Mataram, Jurnalekbis.com – Kepolisian Resor Kota (Polresta) Mataram menindaklanjuti laporan warga terkait dugaan peredaran minuman beralkohol tanpa izin di kawasan Suranadi, Kabupaten Lombok Barat, Nusa Tenggara Barat. Dalam operasi yang digelar Rabu (8/4/2026) sore, petugas menemukan dan mengamankan minuman tradisional jenis tuak dari salah satu warung yang diduga menjualnya secara bebas.
Penindakan dilakukan setelah aparat menerima informasi dari masyarakat mengenai adanya sejumlah warung dan kafe di wilayah Suranadi yang diduga memperjualbelikan minuman tradisional beralkohol tanpa izin resmi. Polisi kemudian bergerak melakukan pengecekan langsung ke lokasi.
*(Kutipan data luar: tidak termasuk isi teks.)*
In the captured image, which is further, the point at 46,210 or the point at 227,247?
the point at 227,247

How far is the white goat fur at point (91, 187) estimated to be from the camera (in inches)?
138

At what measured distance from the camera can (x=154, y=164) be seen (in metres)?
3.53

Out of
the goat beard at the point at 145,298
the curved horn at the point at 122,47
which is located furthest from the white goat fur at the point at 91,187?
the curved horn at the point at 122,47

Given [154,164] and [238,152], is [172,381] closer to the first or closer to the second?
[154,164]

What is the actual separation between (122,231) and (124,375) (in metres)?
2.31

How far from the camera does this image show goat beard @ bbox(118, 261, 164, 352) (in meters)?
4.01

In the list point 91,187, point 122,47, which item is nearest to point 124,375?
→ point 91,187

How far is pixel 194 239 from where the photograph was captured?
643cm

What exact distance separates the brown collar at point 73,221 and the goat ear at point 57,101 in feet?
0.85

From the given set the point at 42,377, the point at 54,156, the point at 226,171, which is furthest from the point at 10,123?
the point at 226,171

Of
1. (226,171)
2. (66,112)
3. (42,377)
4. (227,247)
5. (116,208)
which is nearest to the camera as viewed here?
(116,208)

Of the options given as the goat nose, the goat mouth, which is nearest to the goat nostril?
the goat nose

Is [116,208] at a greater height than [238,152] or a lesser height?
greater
Kasat Narkoba Polresta Mataram AKP I Gusti Ngurah Bagus Suputra mengatakan, operasi tersebut merupakan respons cepat kepolisian atas keresahan warga yang mulai meningkat dalam beberapa waktu terakhir.
“Kami menindaklanjuti informasi dari masyarakat terkait peredaran minuman beralkohol tanpa izin. Dari hasil pengecekan di lapangan, kami menemukan dan mengamankan minuman tradisional jenis tuak dari salah satu warung yang diduga menjual secara bebas,” kata Bagus mewakili Kapolresta Mataram Kombes Pol Hendro Purwoko.
Meski tidak merinci jumlah barang bukti yang diamankan, polisi memastikan seluruh minuman tradisional yang ditemukan langsung dibawa untuk didata dan dijadikan bahan pemeriksaan lebih lanjut.
Selain menyita minuman beralkohol tersebut, petugas juga mendata pemilik warung dan memberikan pembinaan agar tidak lagi menjual minuman beralkohol tanpa izin. Polisi menilai penjualan minuman tradisional secara bebas berpotensi memicu gangguan keamanan dan ketertiban masyarakat.
Menurut Bagus, pengawasan terhadap peredaran minuman beralkohol, termasuk minuman tradisional seperti tuak, akan terus ditingkatkan. Suranadi menjadi salah satu wilayah yang dipantau karena kerap dilaporkan warga terkait aktivitas penjualan minuman keras di warung maupun tempat berkumpul.
“Kami mengimbau kepada seluruh masyarakat agar tidak memperjualbelikan minuman beralkohol tanpa izin, karena hal tersebut dapat berdampak pada gangguan kamtibmas,” ujarnya.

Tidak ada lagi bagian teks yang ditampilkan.